1. The plaintiff in S.C.S. No. 61 of 1945 on the file of the District Munsiff's Court, Kulitalai, applies to revise the order of the learned District Munsiff dismissing his suit brought for recovery of Rs. 209-8-0 from the respondent. The respondent borrowed from one Nallvangalammal a sum of Rs. 100 on 2nd May, 1940 and a sum of Rs. 90 on the 24th July, 1940 agreeing to pay the amounts with interest at six per cent. per annum. Nallvangalammal died and the plaintiff claimed to be her heir and though this fact was not admitted, it is not necessary any longer to deal with this objection because the plaintiff obtained a succession certificate in respect of the suit claim.
2. In the plaint it was alleged that those two loans were evidenced by two documents described as hand-letters. They were admittedly unstamped. It appears that before the trial stamp duty and penalty were levied by the Court on the footing that they were bonds.
3. The defendant admitted the execution of the two documents, but pleaded that in substitution of his liability under them he had executed a promissory note-on 29th April, 1944, and had made payments towards the promissory note and there was only a sum of Rs. 40 still payable for the principal of the loan and interest.

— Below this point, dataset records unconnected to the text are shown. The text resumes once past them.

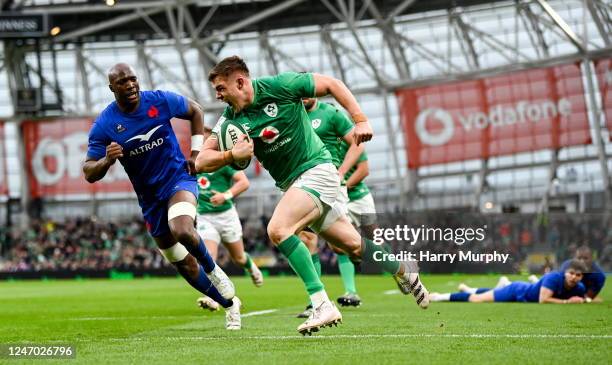 Dublin , Ireland - 11 February 2023; Garry Ringrose of Ireland celebrates on his way to scoring his side's fourth try, in the 72nd minute, during the...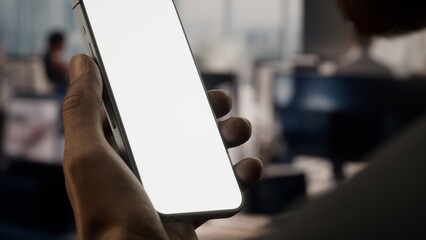 CU Black African-American male using a phone in a busy office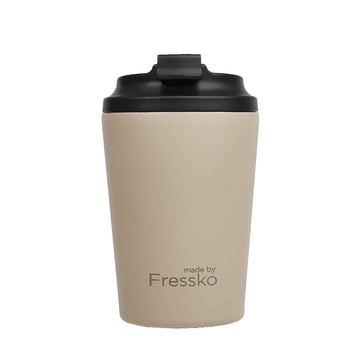 A reusable coffee cup in a light oat brown with a black lid and the text 'made by Fressko' on the bottom.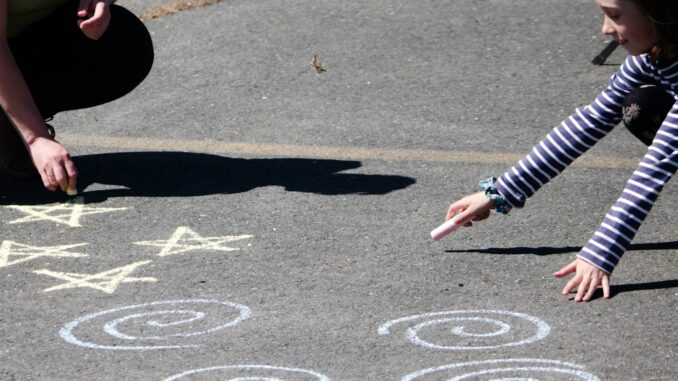 Photo by Danielle-Claude Bélanger a young girl is drawing on the ground with chalk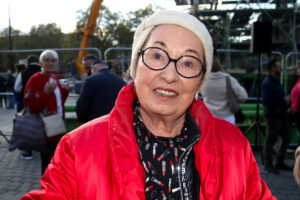 Portrait einer ältere Dame mit Brille und roter Jacke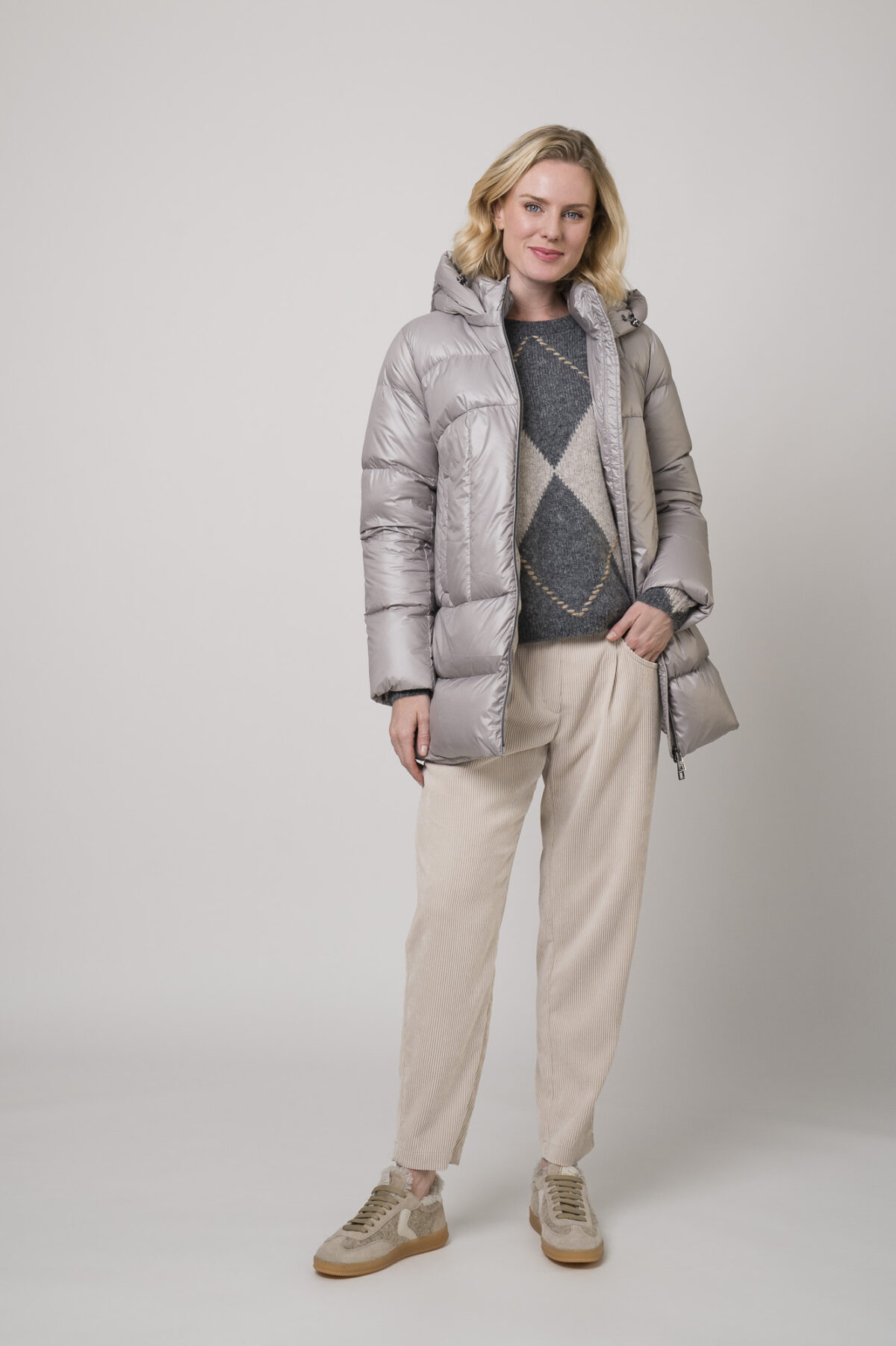Das Model trägt eine Daunenjacke von Helmur in Silber sowie eine Cordhose von Camio in der Farbe Sand und Sneaker von Voile Blanche.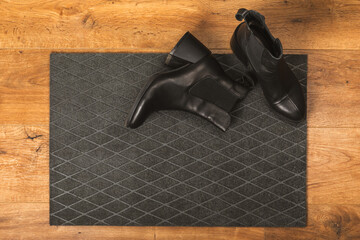 Doormat. Welcome mat on the floor background. Women's shoes on a doormat on background. Interior decor element in the hallway. Close-up. Space for text. Copy space.rug near the door in the hallway.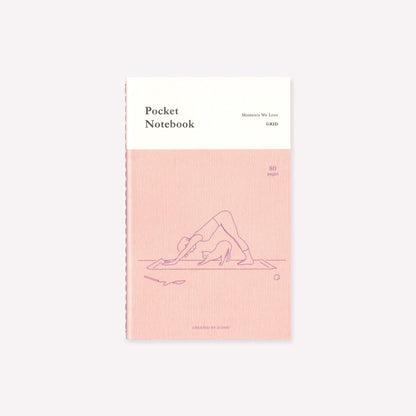 A pink and white 'Yoga' design stitch-bound pocket notebook by Korean stationery brand Iconic, featuring a person and their cat in the downward dog position. Text on the front of the notebook indicates 80 gridded pages inside.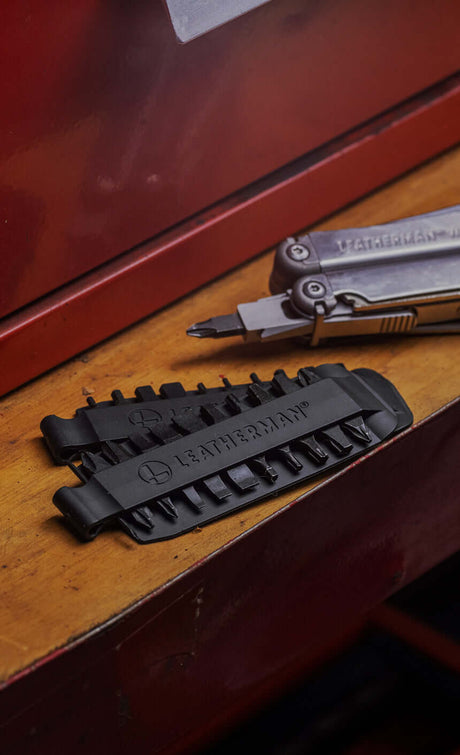 Leatherman Bit Kit Set laying on a wooden surface alongside a Leatherman Stainless Steel multi-tool with a bit attached.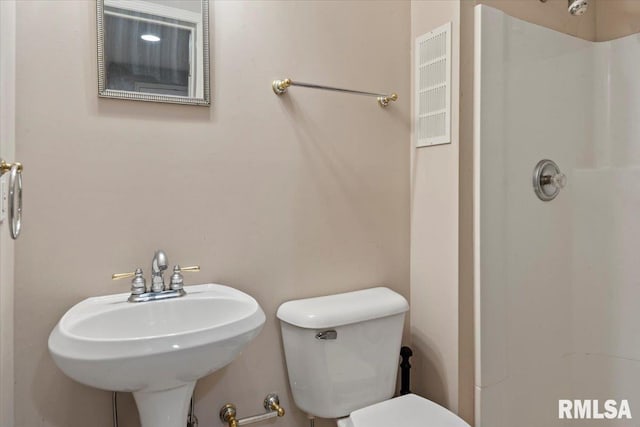 bathroom with toilet, walk in shower, and a sink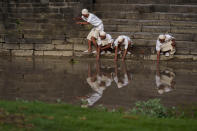 Men perform rituals on the banks of the Bagmati River in Kathmandu, Nepal, Tuesday, May 24, 2022. Hindus flock to the Bagmati to worship at shrines and celebrate festivals. Women dip in the river to wash away sins during Rishipanchami, a day for worship of the seven sages revered as enlightened beings guiding humanity through the ages. Visitors also wade in during the festival of Chhath, praying to the sun god Surya. During Teej, married women come to pray for the health and prosperity of their husbands, and single women, to find a good one. (AP Photo/Niranjan Shrestha)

4. At the trial neither party let in any evidence. The defendant apparently gave up his plea in defence, the onus of establishing which certainly lay on him; but the defendant raised the contention that the suit was not sustainable on the two documents because they were inadmissible in evidence for any purpose as they were unstamped. The learned District Munsiff agreed with this contention and dismissed the suit.
5. It is not necessary for me to decide as to the exact nature of these two documents to determine whether they are admissible in evidence. Assuming that these two documents could not have been legally admitted in evidence, nevertheless it is contended for the petitioner by Mr. M.S. Vaidhyanatha Aiyar, and I agree with his contention, that as the defendant had admitted the execution of the documents and had only pleaded a substitution of liability by the execution of another promissory note and a partial discharge towards it, there was no necessity for the plaintiff to adduce proof of his claim by seeking to get the two documents admitted in evidence. In other words the plaintiff will be entitled to a decree on the failure of the defendant to make the pleas set up by him in defence. The contention of the petitioner is supported by the observations of Ananthakrishna Ayyar, J., in Alimane Sahiba v. Subbarayudu : AIR1932Mad693 with which I respectfully agree. The learned Judge therein points out after referring to the provisions of Section 58 of the Evidence Act that when the fact of an execution of a document is admitted it need not be proved and this would be so even when the document in question is not admissible on account of any provision of the Stamp Act.
6. I therefore set aside the decree of the learned District Munsiff dismissing the suit. There will be a decree in favour of the plaintiff for the amount claimed with costs. The petitioner will also be entitled to costs in this revision petition from the respondent.